Una cicogna fotografa l’Italia

Silvio Soldini prova a volare. Sulle ali di una cicogna osserva le miserie del nostro Paese, scegliendo la commedia corale, surreale e un po’ bislacca per raccontare un’Italia troppo terrena, che stenta, - nonostante gli sforzi di qualche isolato epigono - a uscire dal fango, dove c’è chi sguazza e chi cammina in punta di piedi per sporcarsi un po’ di meno. Il suo nuovo film, “Il comandante e la cicogna”, scritto insieme al padovano Marco Pettenello, vola però un po’ troppo basso, finendo per appiattirsi sulla realtà che racconta; peggio, osservandola con il moralismo di chi è seduto sul seggio più alto e crede, essendo migliore degli altri, di poter dispensare liberamente indignazione ed empatia, veleno e poesia. Quasi un paradosso per il regista milanese.
I suoi ultimi film - “Giorni e nuvole” e “Cosa voglio di più” - pur essendo emotivamente più “zavorrati”, si libravano sopra le nostre teste, decollando da storie di ordinaria infelicità, con un respiro a pieni polmoni e un rigore morale mai posticcio. Ne “Il comandante e la cicogna” si torna alle atmosfere apparentemente più leggere di “Pane e tulipani” e di “Agata e la tempesta”, attraversate da un surrealismo sincero che qui, invece, scolora in una favola dal retrogusto amaro, un po’ saccente.

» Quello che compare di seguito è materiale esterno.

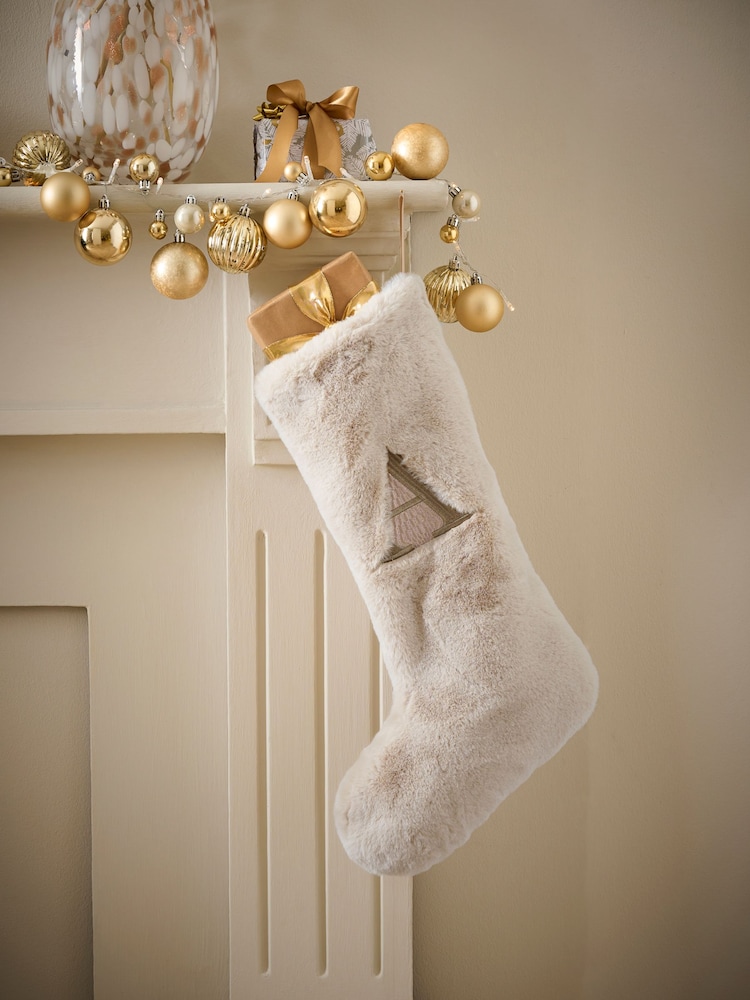 Natural Faux Fur Alphabet Christmas Stocking - Image 1 of 5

Come le statue parlanti di Garibaldi, Verdi, Leopardi e Da Vinci che commentano con rammarico il degrado e la corruzione in cui versa la società contemporanea, non disdegnando, però di attaccar briga con la statua di un certo Cavalier - non a caso – Cazzaniga, simbolo del protoleghismo berlusconiano, incarnazione del disagio presente.

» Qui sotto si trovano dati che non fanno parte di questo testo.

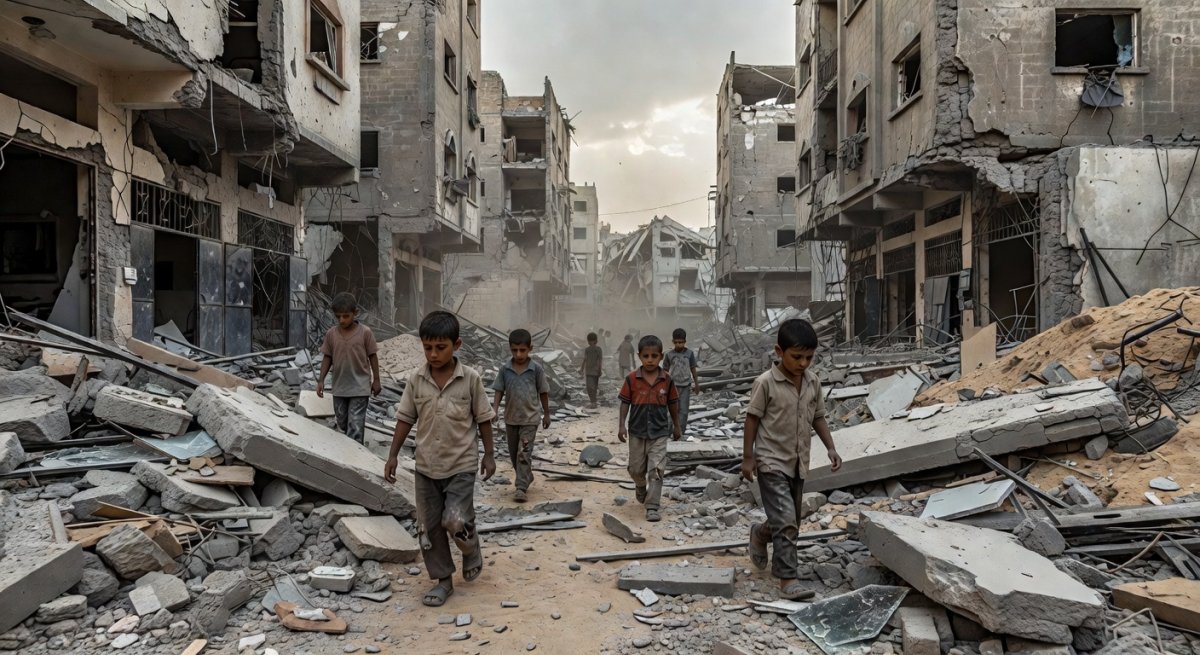 Destruction in Gaza City with damaged buildings and displaced families navigating through rubble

«E pur si muove», avrebbe tuonato Galileo, concentrando la sua attenzione sui protagonisti del film, perdenti ed emarginati, e, proprio per questo, forse gli unici capaci di sollevarsi da terra per ristabilire, in una neo rivoluzione copernicana, l’ordine delle cose, con i valori al centro del mondo e l’uomo a gravitarvi attorno. Nella Torino anonima di Soldini c’è un padre premuroso (Mastandrea) alle prese con i problemi dei figli adolescenti e con una moglie defunta (Gerini) che gli appare in bikini e con la quale intrattiene dialoghi immaginari. C’è un’artista squattrinata (Rohrwacher) che non riesce a pagare l’affitto al suo padrone di casa Amanzio (Battiston), un triestino che da dieci anni fa il moralizzatore urbano, con il vizio dell’esproprio proletario e della merce scaduta. E l’altra faccia della medaglia: un avvocato maneggione (Zingaretti) e la sua premurosa segretaria. Il coro di attori fa la sua (bella) parte, ma rimane al servizio di un film che, in un batter d’ali, precipita nella solita commedia agrodolce. Il comandante Soldini per diventare generale dovrà osare qualcosa di più: non basta una cicogna un po’ appesantita per bacchettare la nostra miseria.